Organised Randoms: Learning and correcting for systematic galaxy clustering patterns in KiDS using self-organising maps

We present a new method for the mitigation of observational systematic effects in angular galaxy clustering via corrective random galaxy catalogues. Real and synthetic galaxy data, from the Kilo Degree Survey's (KiDS) 4$^{\rm{th}}$ Data Release (KiDS-$1000$) and the Full-sky Lognormal Astro-fields Simulation Kit (FLASK) package respectively, are used to train self-organising maps (SOMs) to learn the multivariate relationships between observed galaxy number density and up to six systematic-tracer variables, including seeing, Galactic dust extinction, and Galactic stellar density. We then create `organised' randoms, i.e. random galaxy catalogues with spatially variable number densities, mimicking the learnt systematic density modes in the data. Using realistically biased mock data, we show that these organised randoms consistently subtract spurious density modes from the two-point angular correlation function $w(\vartheta)$, correcting biases of up to $12\sigma$ in the mean clustering amplitude to as low as $0.1\sigma$, over a high signal-to-noise angular range of 7-100 arcmin.
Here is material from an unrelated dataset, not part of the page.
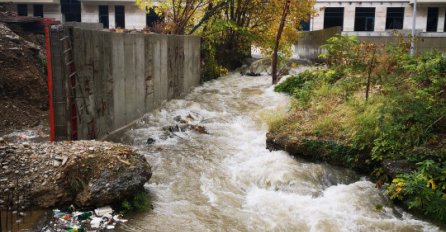 POPLAVLJENA BIH: Ovaj grad je potpuno pod vodom, ULICE NEPROHODNE! Javljaju se iz Meterološke stanice, EVO ŠTA NAS ČEKA!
Their performance is also validated for angular clustering cross-correlations in a bright, flux-limited subset of KiDS-$1000$, comparing against an analogous sample constructed from highly-complete spectroscopic redshift data. Each organised random catalogue object is a `clone' carrying the properties of a real galaxy, and is distributed throughout the survey footprint according to the parent galaxy's position in systematics-space. Thus, sub-sample randoms are readily derived from a single master random catalogue via the same selection as applied to the real galaxies. Our method is expected to improve in performance with increased survey area, galaxy number density, and systematic contamination, making organised randoms extremely promising for current and future clustering analyses of faint samples.